All of lore.kernel.org
 help / color / mirror / Atom feed
From: Jesper Dangaard Brouer <brouer@redhat.com>
To: Andrew Morton <akpm@linux-foundation.org>
Cc: Mel Gorman <mgorman@techsingularity.net>,
	willy@infradead.org, peterz@infradead.org, pagupta@redhat.com,
	ttoukan.linux@gmail.com, tariqt@mellanox.com,
	netdev@vger.kernel.org, saeedm@mellanox.com,
	linux-kernel@vger.kernel.org, linux-mm@kvack.org,
	brouer@redhat.com
Subject: Re: [PATCH] mm, page_alloc: re-enable softirq use of per-cpu page allocator
Date: Fri, 14 Apr 2017 12:10:27 +0200	[thread overview]
Message-ID: <20170414121027.079e5a4c@redhat.com> (raw)
In-Reply-To: <20170410142616.6d37a11904dd153298cf7f3b@linux-foundation.org>

On Mon, 10 Apr 2017 14:26:16 -0700
Andrew Morton <akpm@linux-foundation.org> wrote:

> On Mon, 10 Apr 2017 16:08:21 +0100 Mel Gorman <mgorman@techsingularity.net> wrote:
> 
> > IRQ context were excluded from using the Per-Cpu-Pages (PCP) lists caching
> > of order-0 pages in commit 374ad05ab64d ("mm, page_alloc: only use per-cpu
> > allocator for irq-safe requests").
> > 
> > This unfortunately also included excluded SoftIRQ.  This hurt the performance
> > for the use-case of refilling DMA RX rings in softirq context.  
> 
> Out of curiosity: by how much did it "hurt"?
>
> <ruffles through the archives>
> 
> Tariq found:
> 
> : I disabled the page-cache (recycle) mechanism to stress the page
> : allocator, and see a drastic degradation in BW, from 47.5 G in v4.10 to
> : 31.4 G in v4.11-rc1 (34% drop).

I've tried to reproduce this in my home testlab, using ConnectX-4 dual
100Gbit/s. Hardware limits cause that I cannot reach 100Gbit/s, once a
memory copy is performed.  (Word of warning: you need PCIe Gen3 width
16 (which I do have) to handle 100Gbit/s, and the memory bandwidth of
the system also need something like 2x 12500MBytes/s (which is where my
system failed)).

The mlx5 driver have a driver local page recycler, which I can see fail
between 29%-38% of the time, with 8 parallel netperf TCP_STREAMs.  I
speculate adding more streams will make in fail more.  To factor out
the driver recycler, I simply disable it (like I believe Tariq also did).

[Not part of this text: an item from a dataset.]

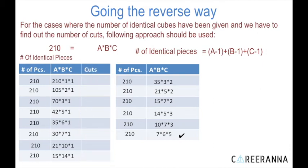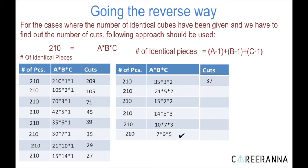Applying the formula to all combinations: 210+1+1−3 = 209. 105+2+1−3 = 105. 70+3+1−3 = 71. For the last three combinations: 14+5+3−3 = 19; 10+7+3−3 = 17; and 7+6+5−3 = 15. So in order to get 210 identical pieces, the minimum number of cuts required is 15.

With disabled-mlx5-recycler, 8 parallel netperf TCP_STREAMs:

Baseline v4.10.0  : 60316 Mbit/s
Current 4.11.0-rc6: 47491 Mbit/s
This patch        : 60662 Mbit/s

While this patch does "fix" the performance regression, it does not
bring any noticeable improvement (as my micro-bench also indicated),
thus I feel our previous optimization is almost nullified. (p.s. It
does feel wrong to argue against my own patch ;-)).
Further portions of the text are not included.